TASK: Beginning with the line that includes "DSPIC33AK256MC208T-I/PT マイクロコントローラー MCU", return every remaining line of the material exactly as it reads, but not the pictures.

GIVEN MATERIAL:
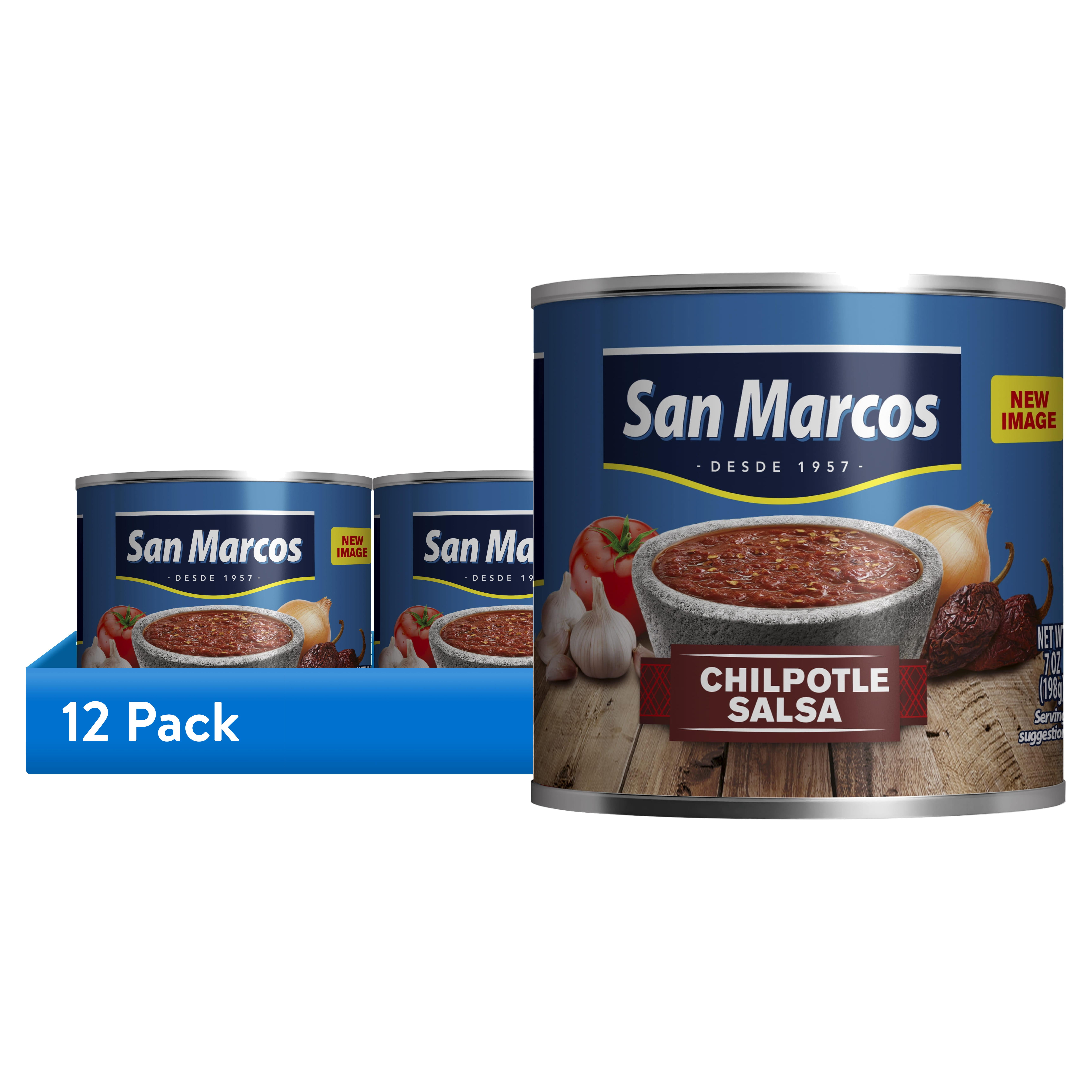 (12 pack) San Marcos Shelf Stable Chipotle Salsa, 7 oz Can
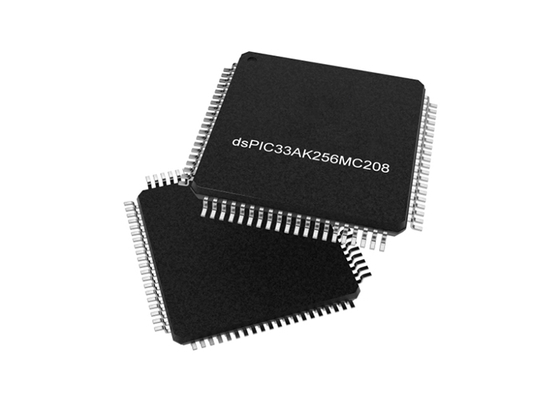 DSPIC33AK256MC208T-I/PT マイクロコントローラー MCU 高帯域 DSPIC33A コア 32ビットデジタル信号コントローラー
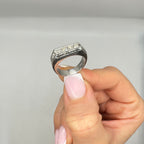 Platinum 0.90CT Diamond Ring WB018 IAJJ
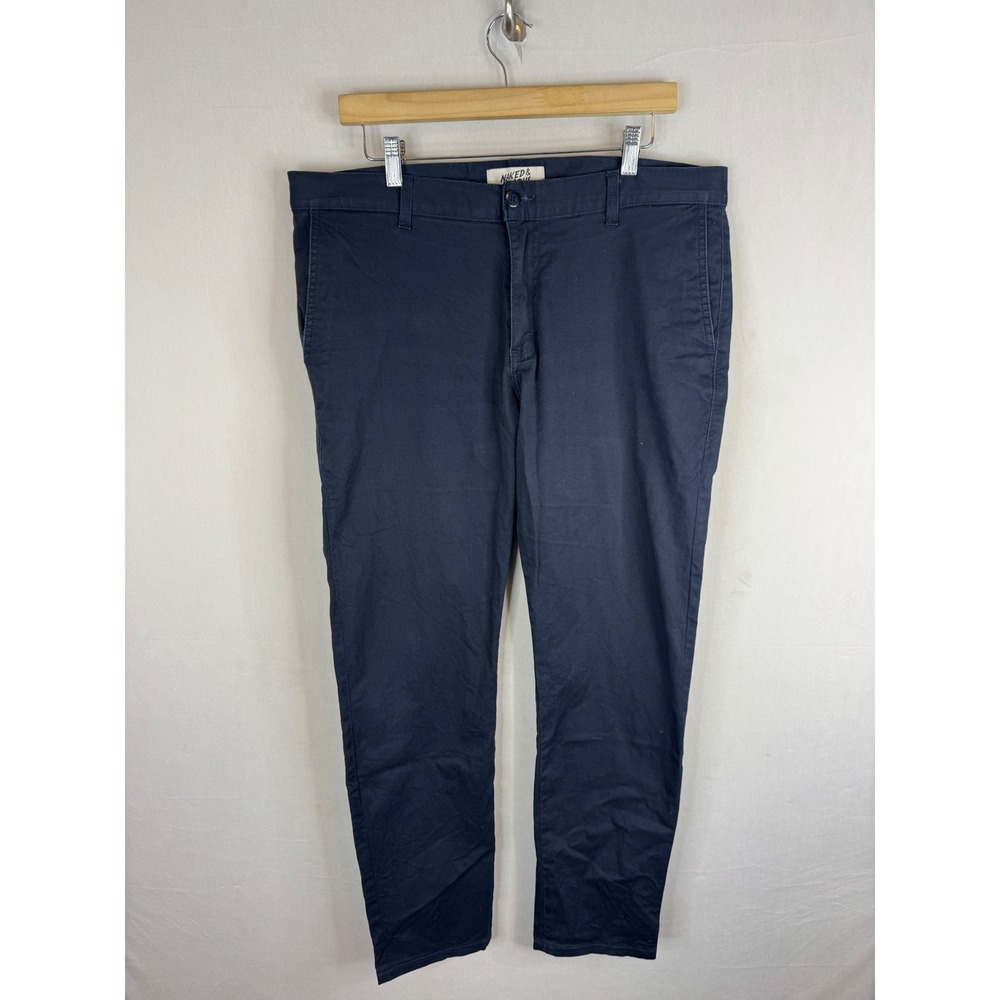 Naked & Famous Slim Chino Navy Stretch Twill Japanese Fabric Pants 36X30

RESPONSE AREA:
 DSPIC33AK256MC208T-I/PT マイクロコントローラー MCU 高帯域 DSPIC33A コア 32ビットデジタル信号コントローラー
 Platinum 0.90CT Diamond Ring WB018 IAJJ
 Naked & Famous Slim Chino Navy Stretch Twill Japanese Fabric Pants 36X30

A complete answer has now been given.